Black Coal, Thin Ice


Bai ri yan huo
Diao Yinan - 2014
Well Go USA Entertainment Region 1 DVD

With a bad cold, trying to watch Black Coal, Thin Ice on the big screen at the Udine Far East Film Festival was less than ideal. While the momentum of the win at Berlin in January of last year has dissipated, the film can now be more widely seen with the home video version.

Diao's film has been described as film noir. As overused as that genre appellation may be, it is fitting here, with it's drunken ex-cop doggedly trying to solve a case, five years after a botched arrest, and his pursuit of the woman who is the possible link to several murders. The story takes place first in 1999, and primarily in 2004, in an unnamed city in northern China. Most of the action takes place during winter nights, where people meet in cheap restaurants, low rent dance halls, or little movie theaters on dark streets. As others have pointed out, the milieu here is not to different from that of the novels by James Cain's with their working class settings.

Wu Zhizhen may not be the most obvious femme fatale. Gwei Lun-mei is neither as exotic nor as glamorous as seen in several of her roles for Tsui Hark. Diao departs from convention as Wu is fairly ordinary in appearance. Lana Turner bared her midriff, while Barbara Stanwyck showed off her anklet. Gwei remains fully dressed, more so, in exterior scenes with a scarf around her face. For most of the film, Wu reveals little of herself, exposing only the smallest of parts that she chooses to be seen.

What is visible are the results of grisly murders, body parts that appear in the coal processed at different plants. Zhang, the cop on the case in 1999, now a security guard, has a chance meeting with his former partner, and discovers similar murders taking place five years later. He knows Wu is connected to the murders but he doesn't know how. As in classic noir, the two briefly become lovers, though everyone - the audience as well as the characters - knows nothing good will come of their liaison.

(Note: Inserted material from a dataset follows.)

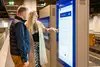 People in front of a digital information column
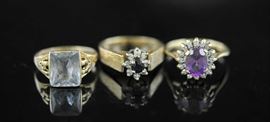 Lot 41: Three 14k gold rings, some set with diamonds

The Chinese title translates as "Daylight Fireworks", which becomes more significant as a clue later in the story. Diao has explained this original title as expressing the need for catharsis. Diao has also gone on record as having seen The Maltese Falcon, The Third Man and Touch of Evil while preparing his screenplay, an eight year effort. Unmentioned by Diao, but of possible influence would be two later films influenced by film noir, Band of Outsiders and Pulp Fiction. Zhang makes a return visit to the dance studio from an earlier scene. Given the chance to be appreciated, Liao Fan's wild, solo dance to contemporary Chinese pop music is as memorable as Anna Karina doing the Madison, or Travolta and Thurman twisting to Chuck Berry.